Exercise goal: An exact copy of all the data below is needed, without its pictures.

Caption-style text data
......
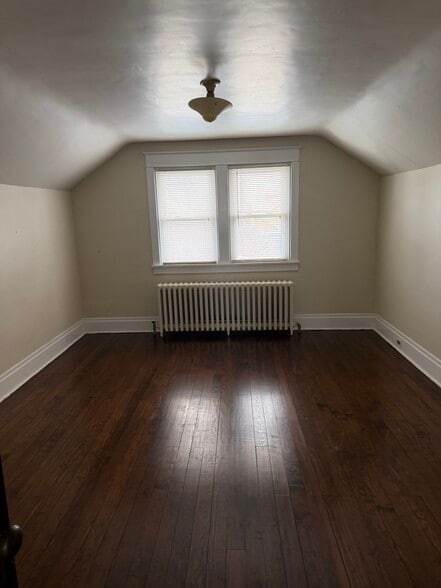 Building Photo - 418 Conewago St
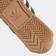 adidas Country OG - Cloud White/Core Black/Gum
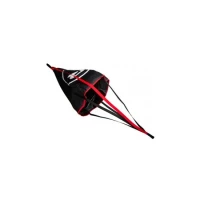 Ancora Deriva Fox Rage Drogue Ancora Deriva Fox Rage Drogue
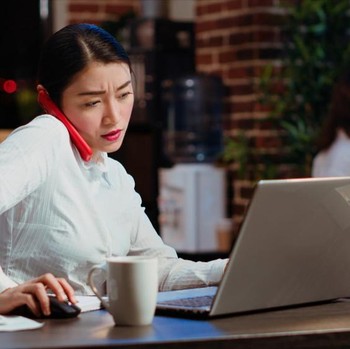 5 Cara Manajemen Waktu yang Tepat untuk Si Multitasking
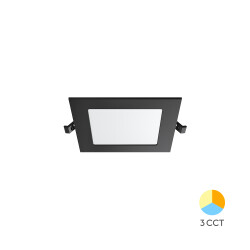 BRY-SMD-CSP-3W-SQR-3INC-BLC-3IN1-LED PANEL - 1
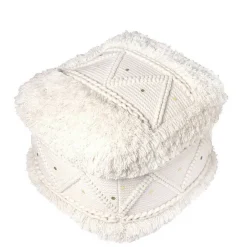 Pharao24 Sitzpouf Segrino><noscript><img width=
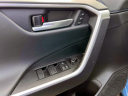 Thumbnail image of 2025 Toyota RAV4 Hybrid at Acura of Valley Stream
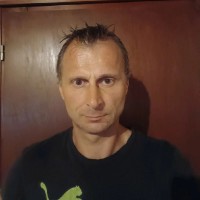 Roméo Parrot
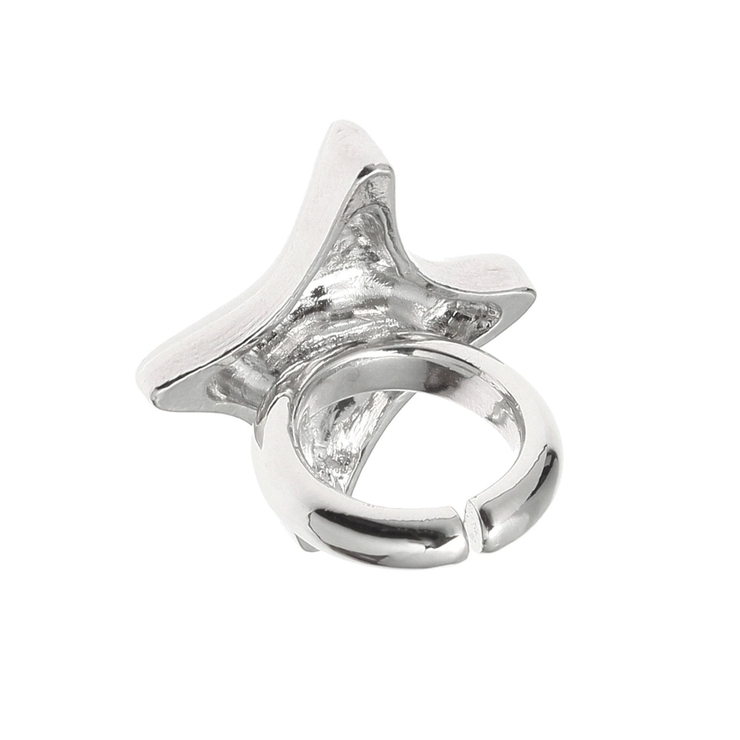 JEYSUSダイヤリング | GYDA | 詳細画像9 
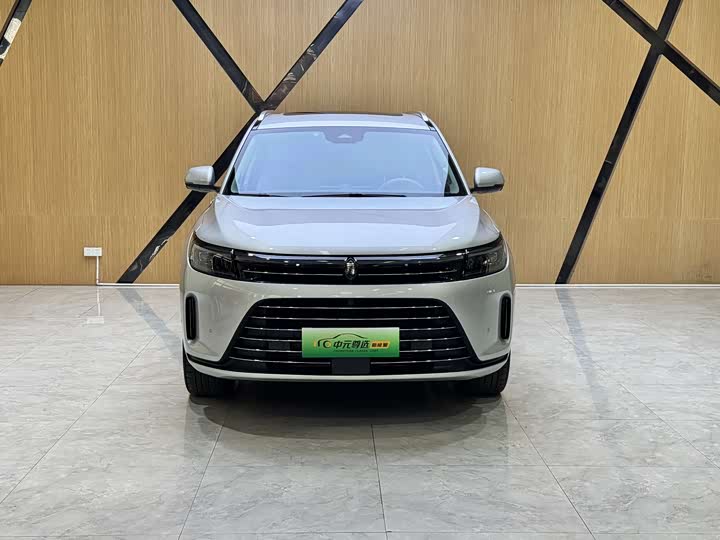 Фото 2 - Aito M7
......
Task result:
 Building Photo - 418 Conewago St
 adidas Country OG - Cloud White/Core Black/Gum
 Ancora Deriva Fox Rage Drogue Ancora Deriva Fox Rage Drogue
 5 Cara Manajemen Waktu yang Tepat untuk Si Multitasking
 BRY-SMD-CSP-3W-SQR-3INC-BLC-3IN1-LED PANEL - 1
 Pharao24 Sitzpouf Segrino><noscript><img width=
 Thumbnail image of 2025 Toyota RAV4 Hybrid at Acura of Valley Stream
 Roméo Parrot
 JEYSUSダイヤリング | GYDA | 詳細画像9 
 Фото 2 - Aito M7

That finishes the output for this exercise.